Is
this a drill or is this real?
The sirens sound. The teacher signals the students
to line up fast yet safely. The halls are filled with students, teachers, and
administration one following after the other seeking the ark of safety. Duck
and Cover, Duck and Cover! The sirens sound further and further away as the
winds, rain, and sounds of flying debris drown out its warning. Is this a drill
or is this real? Instead of the laughing, chatter, and excitement associated
with a tornado drill as the siren had been associated with being saved by the
bell you hear screaming, crying, flying objects, and scurrying. You see
children balled up under desks, teachers covering students, you see blood, you
see horror, you see fear. The comfort of a drill when the teachers are able to
report back to the principal that all the students are accounted for; this time
all are not accounted for. In the
military when there are casualties and injuries as long as the person is
identified they are considered accounted for. As the days increase the news
reports that the students are accounted for; some dead, some alive, some
injured but all accounted for. Meanwhile the teachers sit back and play the
drill over in the heads as each student being accounted for are alive, are
well, are prepared to return to the classroom to finish up the school day
realizing that their being saved by the bell had come to an end.
Those alive return to their homes with no house.
Some parents have students while some don’t. Some students have parents while some
don’t. All over the world we watch, we
pray, we give, we reflect . We depend on the news to paint a picture that truly
does the disaster no justice as a community sits under rubble and emergency
responders are on post to prevent looting. As national and local officers come
together to aid the victims in their distress, we all wait and hope for a day
of restoration, we hope for rebuilding efforts to be expedited, we hope hearts
become mended and a gleam of understanding is retrieved as families find bibles
in the rubble and pictures unharmed by the disaster. We hope for schools to be
rebuilt and the halls become filled once again with teachers, administration,
and students lined one behind the other gleaming at being saved by the bell.
Leaving you
with the written words of Oscar Hammerstein II and Music
by Richard Rodgers:
Oklahoma, where the wind comes sweepin'
down the plain,
And the wavin' wheat can sure smell sweet
When the wind comes right behind the rain.

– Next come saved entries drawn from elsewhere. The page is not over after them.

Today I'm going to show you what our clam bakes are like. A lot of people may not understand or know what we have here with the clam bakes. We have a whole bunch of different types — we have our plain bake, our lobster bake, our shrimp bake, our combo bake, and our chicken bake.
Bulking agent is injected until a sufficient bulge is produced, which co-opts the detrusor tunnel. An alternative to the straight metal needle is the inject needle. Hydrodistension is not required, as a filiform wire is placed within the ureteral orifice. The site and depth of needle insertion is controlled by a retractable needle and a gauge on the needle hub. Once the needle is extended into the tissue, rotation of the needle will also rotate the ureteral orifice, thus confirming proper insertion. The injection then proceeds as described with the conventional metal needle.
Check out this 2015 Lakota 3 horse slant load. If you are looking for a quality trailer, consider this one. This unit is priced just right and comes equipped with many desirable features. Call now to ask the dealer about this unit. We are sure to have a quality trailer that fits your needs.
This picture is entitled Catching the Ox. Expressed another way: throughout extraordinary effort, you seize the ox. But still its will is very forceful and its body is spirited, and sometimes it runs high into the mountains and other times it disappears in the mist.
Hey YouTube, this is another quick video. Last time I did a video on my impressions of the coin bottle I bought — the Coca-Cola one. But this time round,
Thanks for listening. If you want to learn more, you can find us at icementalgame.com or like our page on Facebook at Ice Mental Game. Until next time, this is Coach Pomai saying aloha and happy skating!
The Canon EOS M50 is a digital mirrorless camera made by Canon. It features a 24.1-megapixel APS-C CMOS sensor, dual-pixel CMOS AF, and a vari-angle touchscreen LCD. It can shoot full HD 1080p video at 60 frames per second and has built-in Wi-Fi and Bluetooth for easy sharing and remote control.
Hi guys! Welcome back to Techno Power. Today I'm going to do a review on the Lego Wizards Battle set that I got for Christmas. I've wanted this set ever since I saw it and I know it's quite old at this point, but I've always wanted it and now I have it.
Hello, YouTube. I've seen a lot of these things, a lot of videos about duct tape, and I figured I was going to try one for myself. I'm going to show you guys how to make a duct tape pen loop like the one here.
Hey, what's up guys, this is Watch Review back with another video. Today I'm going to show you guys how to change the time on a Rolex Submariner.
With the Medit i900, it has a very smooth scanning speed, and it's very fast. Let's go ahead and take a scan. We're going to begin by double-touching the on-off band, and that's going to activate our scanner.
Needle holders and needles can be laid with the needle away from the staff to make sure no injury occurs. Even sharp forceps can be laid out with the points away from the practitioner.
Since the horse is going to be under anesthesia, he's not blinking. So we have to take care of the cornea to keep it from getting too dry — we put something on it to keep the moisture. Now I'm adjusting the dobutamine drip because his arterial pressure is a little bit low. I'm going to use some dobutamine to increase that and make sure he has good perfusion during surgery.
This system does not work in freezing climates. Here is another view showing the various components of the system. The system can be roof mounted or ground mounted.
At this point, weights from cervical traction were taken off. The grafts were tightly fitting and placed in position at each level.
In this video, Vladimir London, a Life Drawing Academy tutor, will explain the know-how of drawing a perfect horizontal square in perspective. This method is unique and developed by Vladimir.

Oklahoma, ev'ry night my honey lamb and I
Sit alone and talk and watch a hawk makin' lazy circles in the sky.
We know we belong to the land
And the land we belong to is grand!
And when we say--Yeeow! A-yip-i-o-ee ay!
We're only sayin' You're doin' fine, Oklahoma! Oklahoma--O.K.
And the wavin' wheat can sure smell sweet
When the wind comes right behind the rain.
Oklahoma, ev'ry night my honey lamb and I
Sit alone and talk and watch a hawk makin' lazy circles in the sky.
We know we belong to the land
And the land we belong to is grand!
And when we say--Yeeow! A-yip-i-o-ee ay!
We're only sayin' You're doin' fine, Oklahoma! Oklahoma--O.K.